• PROBLEM TO WORK ON: Please transcribe, word for word, the line containing "Gothic Vintage Medieval" and every line after it through the end of the records below, and nothing else.

Data excerpts
· · · · · · ·
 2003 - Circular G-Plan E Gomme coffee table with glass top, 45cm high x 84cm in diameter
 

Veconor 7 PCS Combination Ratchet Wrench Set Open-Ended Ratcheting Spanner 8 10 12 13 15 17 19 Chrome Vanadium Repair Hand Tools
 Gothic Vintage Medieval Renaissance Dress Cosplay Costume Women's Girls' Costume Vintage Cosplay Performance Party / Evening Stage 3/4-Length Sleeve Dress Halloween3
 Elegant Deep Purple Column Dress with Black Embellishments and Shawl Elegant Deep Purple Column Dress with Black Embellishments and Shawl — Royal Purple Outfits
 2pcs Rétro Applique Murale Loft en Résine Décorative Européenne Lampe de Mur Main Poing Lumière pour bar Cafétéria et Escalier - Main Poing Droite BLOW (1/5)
· · · · · · ·
• WRITTEN RESPONSE:
 Gothic Vintage Medieval Renaissance Dress Cosplay Costume Women's Girls' Costume Vintage Cosplay Performance Party / Evening Stage 3/4-Length Sleeve Dress Halloween3
 Elegant Deep Purple Column Dress with Black Embellishments and Shawl Elegant Deep Purple Column Dress with Black Embellishments and Shawl — Royal Purple Outfits
 2pcs Rétro Applique Murale Loft en Résine Décorative Européenne Lampe de Mur Main Poing Lumière pour bar Cafétéria et Escalier - Main Poing Droite BLOW (1/5)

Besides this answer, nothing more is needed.